Reconnaître la lignée
L'enveloppe remise au père et à l'oncle maternel honore ceux qui ont porté, nourri et élevé l'épouse. Dans les sociétés matrilinéaires du sud et de l'est, l'oncle maternel est central : la mariée appartient à son lignage, et c'est lui qu'il faut d'abord honorer.
Nourrir l'alliance
Le sel (que l'entente ne perde jamais sa saveur), la chèvre (du vivant que l'on partage et que l'on mange ensemble), les vivres en quantité : tout dit la capacité du gendre à faire vivre l'alliance, et la transformation de deux familles en une seule tablée.
Ancrer et sceller
Certains objets ne se chiffrent pas. L'enclume des Obamba et des Nzébi, le plomb (Elirino) des Myènè : leur lourdeur ancre l'épouse au foyer et « assoit » le mariage. L'enclume, surtout, scelle l'union par son bruit sourd — la signature invisible des ancêtres. On ne peut pas la remplacer par une amende : elle donne sa valeur à tout le reste.
Habiller et équiper
Les pagnes vêtent les femmes des deux familles ; la malle de la mariée l'équipe pour sa nouvelle vie ; les effets des parents (tissus, ustensiles, outils) remercient concrètement.

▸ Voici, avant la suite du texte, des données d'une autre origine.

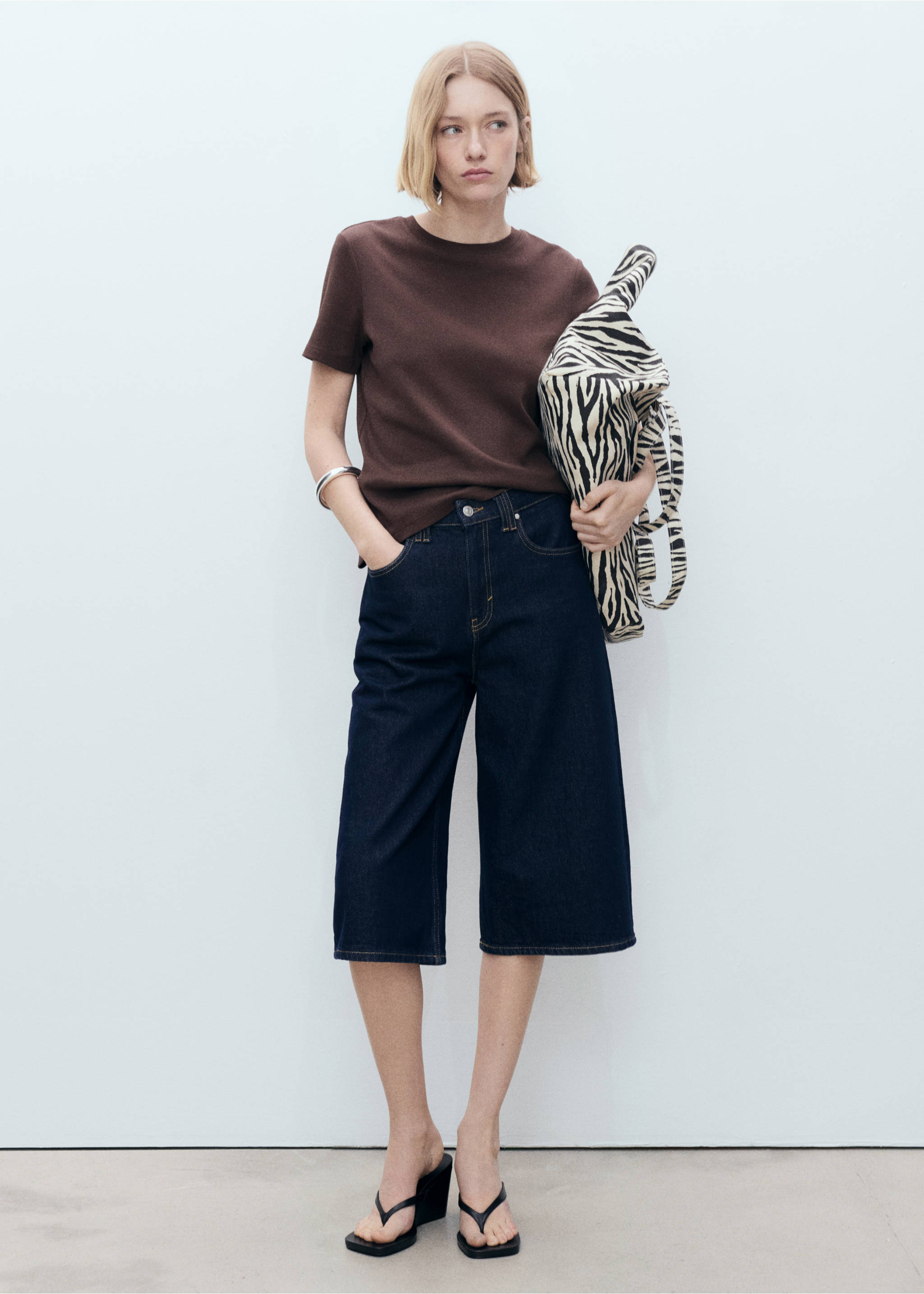 Cotton short-sleeved t-shirt - General plane, Chocolate. Ref: 17021197-00.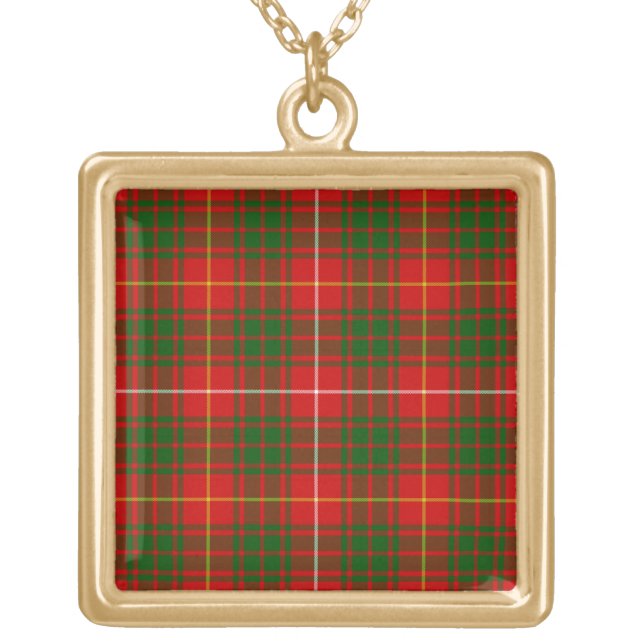 Bruce tartan red green plaid gold plated necklace (Front)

Là encore, le geste prime sur la valeur.
Une coutume qui évolue
La dot d'aujourd'hui négocie avec son temps : les montants montent, les boissons « fines » se multiplient, et le débat sur l'inflation des listes est vif. Mais le cœur demeure : tant qu'on se souvient que chaque objet est un mot, la dot reste ce qu'elle a toujours été — une alliance, pas une facture.